CSV Best Practises

This document outlines best practices for creating CSV files for use with JSON-LD and the CSVW vocabualarly.

CSV files are a common way to share data. They are easy to create and edit, and can be opened in any spreadsheet program. However, they are not a standardised format, and can be difficult to work with programmatically. CSV files are also not self-describing, and require additional documentation to be understood.

By using the following guidelines, you can create CSV files that are easier to work with programmatically, and easier to understand for humans with or without the JSON-LD document.

CSV Basics

CSV files used in our service should be saved as UTF-8 encoded text files with a .csv extension.
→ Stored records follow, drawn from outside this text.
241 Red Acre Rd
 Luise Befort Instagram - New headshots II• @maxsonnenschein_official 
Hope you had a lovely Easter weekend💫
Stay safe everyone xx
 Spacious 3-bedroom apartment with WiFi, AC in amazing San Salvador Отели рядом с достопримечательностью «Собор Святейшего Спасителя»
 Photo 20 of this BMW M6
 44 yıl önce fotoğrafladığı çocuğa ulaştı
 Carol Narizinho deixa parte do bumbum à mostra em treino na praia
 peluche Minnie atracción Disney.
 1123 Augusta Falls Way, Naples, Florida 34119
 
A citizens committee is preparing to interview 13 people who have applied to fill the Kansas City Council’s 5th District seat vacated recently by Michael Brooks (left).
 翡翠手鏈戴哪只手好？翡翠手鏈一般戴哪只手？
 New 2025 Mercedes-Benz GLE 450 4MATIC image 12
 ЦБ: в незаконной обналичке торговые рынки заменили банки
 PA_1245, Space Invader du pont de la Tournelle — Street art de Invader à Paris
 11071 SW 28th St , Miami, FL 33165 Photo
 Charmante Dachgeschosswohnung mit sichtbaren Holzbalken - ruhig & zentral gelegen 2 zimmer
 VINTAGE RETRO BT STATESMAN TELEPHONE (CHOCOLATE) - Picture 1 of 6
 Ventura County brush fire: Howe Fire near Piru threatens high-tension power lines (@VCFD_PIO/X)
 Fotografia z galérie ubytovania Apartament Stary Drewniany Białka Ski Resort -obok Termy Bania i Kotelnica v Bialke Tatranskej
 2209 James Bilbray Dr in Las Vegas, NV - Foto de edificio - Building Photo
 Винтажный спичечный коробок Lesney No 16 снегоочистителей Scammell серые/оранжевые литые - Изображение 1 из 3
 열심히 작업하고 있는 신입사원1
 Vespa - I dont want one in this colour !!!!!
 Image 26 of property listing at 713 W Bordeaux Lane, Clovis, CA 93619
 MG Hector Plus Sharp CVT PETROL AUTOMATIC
The first row should contain the column headers in lower case and snake case (e.g. column_header). The following rows should contain the data for each column. Each row should be separated by a new line, and each column should be separated by a comma. When a column contains a comma, the entire column's values should be wrapped in double quotes (i.e. ").

In brief

Column headers should be in lowercase and snake case (e.g. column_header).
Column headers should be unique, and should not contain any special characters (e.g. !@#$%^&*()).
Related columns should have the same prefix (e.g. area_code, area_name, area_type, or even observation and observation_status).
Columns should be ordered as follows:
1. Dimension columns, order first by time period, then by geography, then in descending order by volume of options in each column (i.e. a column with 17 values would come before a column with 3 values).
2. Observation column.
3. Measure column(s). (e.g. count and spending per capita)
4. Unit column. (e.g. number, GBP, miles per hour, portion, percent)
5. Literal attribute columns providing model output (e.g. upper confidence level, sample_size, standard deviation).
6. Observation status column (if necessary).
7. All other attribute columns.
Ensure that the concepts used in the CSV files are clear and easily understandable to enhance human readability.
Each observation should be uniquely addressable by filtering all dimensions to a given value. If more than one observation is returned, then there needs to be additional dimensions to make the observation addressable.
All dimensions, measures, and unit columns should have values for every observation. These columns must be "dense".

Column

Headers

Column headers should be in lowercase and snake case (e.g. column_header). This is to ensure consistency and readability. Column headers should also be unique, and should not contain any special characters (e.g. !@#$%^&*()). This even includes the pound sign (i.e. £), which should be replaced with gbp when appropriate.

Related columns should have the same prefix (e.g. geography_code, geography_label, geography_type or time_period_type, time_period_code, time_period_label, or even observation and observation_status), and should be adjancent. This is to ensure that related columns are grouped together when sorted alphabetically, and to make it easier to find concepts whose values are spread across multiple columns.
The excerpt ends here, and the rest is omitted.